In this image taken from video, a camera drone crashes into the snow narrowly missing Austria's Marcel Hirscher during an alpine ski, men's World Cup slalom, in Madonna Di Campiglio, Italy, Dec. 22, 2015. (Infront Sport via CP)
According to Waldner, FIS had agreed on the use of the drone at Tuesday's slalom but the pilot wasn't allowed to fly the camera directly over the race course. "He did not follow our instructions," the race director said. "He had to fly outside of the race track and follow the racer from a 15-meter (50-foot) distance. Then there would have been a margin and nothing could have happened." Drones have been used many times before at ski races. The ski federation said the new technology was aimed at enhancing the experience for TV viewers as it provides moving pictures from an overhead angle which regular cameras can't shoot.
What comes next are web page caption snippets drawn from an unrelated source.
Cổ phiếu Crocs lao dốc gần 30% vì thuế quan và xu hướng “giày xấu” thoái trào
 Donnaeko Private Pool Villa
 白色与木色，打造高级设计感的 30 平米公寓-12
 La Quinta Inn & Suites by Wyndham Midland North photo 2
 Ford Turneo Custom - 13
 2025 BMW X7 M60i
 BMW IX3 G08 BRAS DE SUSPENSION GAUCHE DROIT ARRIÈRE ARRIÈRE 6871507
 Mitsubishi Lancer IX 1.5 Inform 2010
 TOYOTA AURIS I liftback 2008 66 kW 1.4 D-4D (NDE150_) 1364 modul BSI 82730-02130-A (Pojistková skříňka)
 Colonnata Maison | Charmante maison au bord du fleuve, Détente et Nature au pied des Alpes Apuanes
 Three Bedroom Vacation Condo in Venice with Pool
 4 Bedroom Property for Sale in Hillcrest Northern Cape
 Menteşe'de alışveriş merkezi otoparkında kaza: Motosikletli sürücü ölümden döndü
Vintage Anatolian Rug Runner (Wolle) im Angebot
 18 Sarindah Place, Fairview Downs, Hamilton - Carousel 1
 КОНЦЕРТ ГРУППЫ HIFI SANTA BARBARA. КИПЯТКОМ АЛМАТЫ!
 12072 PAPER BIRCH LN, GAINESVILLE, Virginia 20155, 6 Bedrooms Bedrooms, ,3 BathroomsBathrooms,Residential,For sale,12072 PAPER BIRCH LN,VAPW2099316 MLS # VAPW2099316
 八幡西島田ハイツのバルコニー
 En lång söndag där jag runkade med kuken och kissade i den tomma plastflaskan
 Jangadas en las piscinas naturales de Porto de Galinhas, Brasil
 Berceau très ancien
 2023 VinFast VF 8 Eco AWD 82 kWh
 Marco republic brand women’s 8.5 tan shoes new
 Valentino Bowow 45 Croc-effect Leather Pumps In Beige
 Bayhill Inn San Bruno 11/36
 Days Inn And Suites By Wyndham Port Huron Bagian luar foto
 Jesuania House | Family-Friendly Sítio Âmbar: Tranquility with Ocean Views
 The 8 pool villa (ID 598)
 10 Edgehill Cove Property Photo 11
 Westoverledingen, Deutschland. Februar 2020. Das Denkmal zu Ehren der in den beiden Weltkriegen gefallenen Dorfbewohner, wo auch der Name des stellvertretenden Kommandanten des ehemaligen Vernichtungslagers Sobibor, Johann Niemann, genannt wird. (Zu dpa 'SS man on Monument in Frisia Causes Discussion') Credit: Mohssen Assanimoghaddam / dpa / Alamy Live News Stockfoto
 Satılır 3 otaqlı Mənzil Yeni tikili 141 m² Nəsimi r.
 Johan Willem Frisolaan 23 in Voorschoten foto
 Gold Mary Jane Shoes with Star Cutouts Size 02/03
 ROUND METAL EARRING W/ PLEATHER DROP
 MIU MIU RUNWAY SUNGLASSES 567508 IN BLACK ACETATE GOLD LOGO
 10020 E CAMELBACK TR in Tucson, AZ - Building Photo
FIS said legal restrictions in Italy for the use of drones at events are not as tight as in many other countries, such as Austria and Switzerland, where flying over a crowd has been banned.
"I am very relieved that nothing happened."
The company responsible for the camera drone, sports marketing agency Infront, said it was still examining the crash. "We are extremely relieved that apparently none was hurt," Infront said in a statement. "At the same time, this incident is being taken very seriously and the circumstances leading to it are currently being examined. An update will be provided as soon as secured information is available." The Switzerland-based agency has been the long-term TV rights holder of the FIS Alpine skiing World Cup.
"This incident is being taken very seriously and the circumstances leading to it are currently being examined."